On-line version ISSN 0717-7356

Abstract

SANTORO, Calogero M et al. RISE AND DECLINE OF CHINCHORRO SACRED LANDSCAPES ALONG THE HYPERARID COAST OF THE ATACAMA DESERT. Chungará (Arica) [online]. 2012, vol.44, n.4, pp.637-653. ISSN 0717-7356.  http://dx.doi.org/10.4067/S0717-73562012000400007.

The study of complex funerary ritual development among hunters and gatherers societies should take into account how people made up for the continuity of their social system without the support of centralized organizations. This research integrates cultural and natural factors to explore how the Chinchorro carried on with their way of life isolated at geographically restricted perennial river mouths with fresh water along the Atacama Desert in the Pacific coast of South America.
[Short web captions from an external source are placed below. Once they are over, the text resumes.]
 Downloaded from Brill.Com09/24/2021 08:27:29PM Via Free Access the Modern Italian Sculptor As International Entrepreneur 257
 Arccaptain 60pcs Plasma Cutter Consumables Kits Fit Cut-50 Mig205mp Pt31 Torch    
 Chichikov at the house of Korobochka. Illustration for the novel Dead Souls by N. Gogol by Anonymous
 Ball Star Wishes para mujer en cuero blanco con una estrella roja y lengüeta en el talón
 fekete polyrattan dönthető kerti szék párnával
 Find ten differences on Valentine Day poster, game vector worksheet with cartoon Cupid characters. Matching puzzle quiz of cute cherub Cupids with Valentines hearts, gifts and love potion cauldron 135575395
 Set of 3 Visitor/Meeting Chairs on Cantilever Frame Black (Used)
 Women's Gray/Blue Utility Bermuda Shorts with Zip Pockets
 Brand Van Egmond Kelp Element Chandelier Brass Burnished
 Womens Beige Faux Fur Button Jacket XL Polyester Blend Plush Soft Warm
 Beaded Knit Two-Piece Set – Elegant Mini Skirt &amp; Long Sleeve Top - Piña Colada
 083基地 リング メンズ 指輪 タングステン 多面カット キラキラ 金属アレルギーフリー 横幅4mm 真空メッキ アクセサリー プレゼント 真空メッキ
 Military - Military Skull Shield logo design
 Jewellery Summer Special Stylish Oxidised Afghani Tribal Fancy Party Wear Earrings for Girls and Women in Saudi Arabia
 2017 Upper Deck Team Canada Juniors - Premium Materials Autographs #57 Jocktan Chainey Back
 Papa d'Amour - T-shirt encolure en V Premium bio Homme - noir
Within these rather crowded settlings, they created and maintained a social system catalyzed by a complex funerary tradition, embodied by a unique funerary ideological discourse that resulted in the creation of a sacred landscape or "spiritscape". We argue that the extreme hyperaridity of the coastal Atacama Desert (21° - 17.30° S), and the extraordinary biomass production of the marine littoral constituted a fundamental milieu for the maintenance of their long-term social system. The Chinchorro belief system lasted for several millennia (8,000-4,000 BP), but new ways of life and burial practices followed major changes in the coastal ecosystem they relied on, which would have influenced how the "old tradition" was manifested over time. Conversely, we sustain that these natural "constraints" faced by the Chinchorro along the coast of the Atacama Desert, were influential, in the course of their history or the way they socially organized themselves.

Keywords : Chinchorro spiritscape; sacred landscape; hyperaridity; coastal Atacama Desert.